Biliary atresia (BA) is an uncommon neonatal surgical disease that has a fatal outcome if not properly treated. The survival rates of the patients with native liver after Kasai's operation in countries outside Japan are not so good. We reviewed the results of 22 cases of biliary atresia treated in Kosin University Hospital between October 1987 and March 2001. There were 13 males and 9 females aged from 21 to 106 days (mean 52 days). There were 3 cases of Type I (13.6%), and 3 of Type II (13.6%), and 16 Type III (72.7%). The operative methods were resection of the common bile duct remnant and cyst followed by Roux-en-Y hepaticojejunostomy in 3 cases for Type I BA; Kasai I in 15 cases, Kasai II in 1 case, and Ueda's operation in 3 cases for Types II and III BA. There was no death within the first 30 days after operation.

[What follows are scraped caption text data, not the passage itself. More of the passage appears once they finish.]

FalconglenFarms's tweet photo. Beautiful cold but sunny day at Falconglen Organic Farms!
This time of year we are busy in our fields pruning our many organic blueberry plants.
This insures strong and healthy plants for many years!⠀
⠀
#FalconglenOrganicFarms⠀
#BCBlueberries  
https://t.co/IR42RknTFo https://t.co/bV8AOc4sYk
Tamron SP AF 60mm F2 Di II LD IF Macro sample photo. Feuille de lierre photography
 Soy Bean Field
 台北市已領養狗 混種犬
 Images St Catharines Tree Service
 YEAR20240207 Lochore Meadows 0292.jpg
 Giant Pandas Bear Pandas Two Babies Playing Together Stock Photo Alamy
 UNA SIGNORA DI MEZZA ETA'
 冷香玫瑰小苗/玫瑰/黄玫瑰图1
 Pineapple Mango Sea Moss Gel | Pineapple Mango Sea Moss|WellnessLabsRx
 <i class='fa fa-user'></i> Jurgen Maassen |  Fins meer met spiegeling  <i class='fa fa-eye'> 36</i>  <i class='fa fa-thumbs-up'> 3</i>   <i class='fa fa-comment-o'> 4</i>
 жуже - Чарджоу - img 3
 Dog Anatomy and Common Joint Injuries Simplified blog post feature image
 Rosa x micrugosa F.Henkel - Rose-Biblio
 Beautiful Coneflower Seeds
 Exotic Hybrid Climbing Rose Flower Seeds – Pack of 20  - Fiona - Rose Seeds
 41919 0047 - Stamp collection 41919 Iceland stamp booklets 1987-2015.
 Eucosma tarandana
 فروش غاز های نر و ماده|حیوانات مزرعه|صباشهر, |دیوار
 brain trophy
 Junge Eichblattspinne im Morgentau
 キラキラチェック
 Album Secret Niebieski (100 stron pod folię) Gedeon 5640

We were able to follow 21 of the 22 patients (95.4%) for more than 5 years. The actual 5 year survival rate (YSR) was 40.9%. One Type I case received a living-related liver transplantation at 6 years of age because of the multiple intrahepatic stones and liver cirrhosis. Five YSR after biliostomy group (Kasai II and Ueda op.) was 75% (3/4) while that of Kasai I was 20% (3/15). One case had no bile duct in the resected fibrotic plaque on microscopic review and died 8 months after Kasai I operation, would have been a strong candidate for early liver transplantation. From the above result, our conclusions are as follows; (1) early liver transplantation should be considered for cases of no bile duct after pathologic examination of the resected specimen, (2) measures to prevent postoperative cholangitis and prevention of postoperative liver cirrhosis are needed, (3) liver transplantation program should be available for failed cases.